- [Data extracts]:

Start of Block

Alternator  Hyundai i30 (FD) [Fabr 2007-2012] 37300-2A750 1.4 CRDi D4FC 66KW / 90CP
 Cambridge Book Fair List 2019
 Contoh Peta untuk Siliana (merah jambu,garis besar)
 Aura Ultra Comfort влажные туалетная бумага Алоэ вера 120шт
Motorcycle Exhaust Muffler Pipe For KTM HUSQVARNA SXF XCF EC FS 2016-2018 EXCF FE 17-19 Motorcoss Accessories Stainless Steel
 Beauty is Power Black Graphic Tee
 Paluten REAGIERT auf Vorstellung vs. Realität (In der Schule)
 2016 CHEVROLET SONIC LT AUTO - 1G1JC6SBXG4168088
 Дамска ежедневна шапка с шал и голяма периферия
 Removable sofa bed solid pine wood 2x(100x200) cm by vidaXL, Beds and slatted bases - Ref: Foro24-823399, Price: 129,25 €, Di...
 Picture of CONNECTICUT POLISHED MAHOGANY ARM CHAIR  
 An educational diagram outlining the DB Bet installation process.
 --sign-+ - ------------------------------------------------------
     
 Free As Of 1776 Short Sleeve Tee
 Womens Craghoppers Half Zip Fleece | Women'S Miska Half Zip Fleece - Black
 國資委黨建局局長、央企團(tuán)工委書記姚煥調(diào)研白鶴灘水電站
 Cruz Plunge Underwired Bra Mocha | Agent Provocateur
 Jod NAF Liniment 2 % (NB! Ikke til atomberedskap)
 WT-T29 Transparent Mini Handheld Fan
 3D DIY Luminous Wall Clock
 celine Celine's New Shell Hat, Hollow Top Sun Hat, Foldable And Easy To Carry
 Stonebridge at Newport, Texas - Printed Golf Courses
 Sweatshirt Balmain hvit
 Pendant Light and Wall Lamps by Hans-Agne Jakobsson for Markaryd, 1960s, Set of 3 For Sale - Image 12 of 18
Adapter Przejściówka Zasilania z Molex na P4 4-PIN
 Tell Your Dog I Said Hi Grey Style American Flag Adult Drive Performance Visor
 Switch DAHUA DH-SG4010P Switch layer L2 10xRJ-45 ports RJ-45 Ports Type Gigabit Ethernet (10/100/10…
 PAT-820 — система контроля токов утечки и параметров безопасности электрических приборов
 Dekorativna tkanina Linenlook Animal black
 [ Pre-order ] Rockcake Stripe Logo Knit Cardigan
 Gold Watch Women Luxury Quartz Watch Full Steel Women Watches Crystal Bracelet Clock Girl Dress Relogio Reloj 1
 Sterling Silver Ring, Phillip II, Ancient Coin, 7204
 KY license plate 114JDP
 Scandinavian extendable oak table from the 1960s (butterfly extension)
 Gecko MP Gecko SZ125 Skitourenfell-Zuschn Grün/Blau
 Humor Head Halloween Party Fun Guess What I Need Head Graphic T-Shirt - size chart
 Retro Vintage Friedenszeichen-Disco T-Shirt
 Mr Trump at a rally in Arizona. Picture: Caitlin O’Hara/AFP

End of Block

- [Exercise prompt]: Retype the records above in full, matching each line exactly.

- [Answer section]:
Alternator  Hyundai i30 (FD) [Fabr 2007-2012] 37300-2A750 1.4 CRDi D4FC 66KW / 90CP
 Cambridge Book Fair List 2019
 Contoh Peta untuk Siliana (merah jambu,garis besar)
 Aura Ultra Comfort влажные туалетная бумага Алоэ вера 120шт
Motorcycle Exhaust Muffler Pipe For KTM HUSQVARNA SXF XCF EC FS 2016-2018 EXCF FE 17-19 Motorcoss Accessories Stainless Steel
 Beauty is Power Black Graphic Tee
 Paluten REAGIERT auf Vorstellung vs. Realität (In der Schule)
 2016 CHEVROLET SONIC LT AUTO - 1G1JC6SBXG4168088
 Дамска ежедневна шапка с шал и голяма периферия
 Removable sofa bed solid pine wood 2x(100x200) cm by vidaXL, Beds and slatted bases - Ref: Foro24-823399, Price: 129,25 €, Di...
 Picture of CONNECTICUT POLISHED MAHOGANY ARM CHAIR  
 An educational diagram outlining the DB Bet installation process.
 --sign-+ - ------------------------------------------------------
     
 Free As Of 1776 Short Sleeve Tee
 Womens Craghoppers Half Zip Fleece | Women'S Miska Half Zip Fleece - Black
 國資委黨建局局長、央企團(tuán)工委書記姚煥調(diào)研白鶴灘水電站
 Cruz Plunge Underwired Bra Mocha | Agent Provocateur
 Jod NAF Liniment 2 % (NB! Ikke til atomberedskap)
 WT-T29 Transparent Mini Handheld Fan
 3D DIY Luminous Wall Clock
 celine Celine's New Shell Hat, Hollow Top Sun Hat, Foldable And Easy To Carry
 Stonebridge at Newport, Texas - Printed Golf Courses
 Sweatshirt Balmain hvit
 Pendant Light and Wall Lamps by Hans-Agne Jakobsson for Markaryd, 1960s, Set of 3 For Sale - Image 12 of 18
Adapter Przejściówka Zasilania z Molex na P4 4-PIN
 Tell Your Dog I Said Hi Grey Style American Flag Adult Drive Performance Visor
 Switch DAHUA DH-SG4010P Switch layer L2 10xRJ-45 ports RJ-45 Ports Type Gigabit Ethernet (10/100/10…
 PAT-820 — система контроля токов утечки и параметров безопасности электрических приборов
 Dekorativna tkanina Linenlook Animal black
 [ Pre-order ] Rockcake Stripe Logo Knit Cardigan
 Gold Watch Women Luxury Quartz Watch Full Steel Women Watches Crystal Bracelet Clock Girl Dress Relogio Reloj 1
 Sterling Silver Ring, Phillip II, Ancient Coin, 7204
 KY license plate 114JDP
 Scandinavian extendable oak table from the 1960s (butterfly extension)
 Gecko MP Gecko SZ125 Skitourenfell-Zuschn Grün/Blau
 Humor Head Halloween Party Fun Guess What I Need Head Graphic T-Shirt - size chart
 Retro Vintage Friedenszeichen-Disco T-Shirt
 Mr Trump at a rally in Arizona. Picture: Caitlin O’Hara/AFP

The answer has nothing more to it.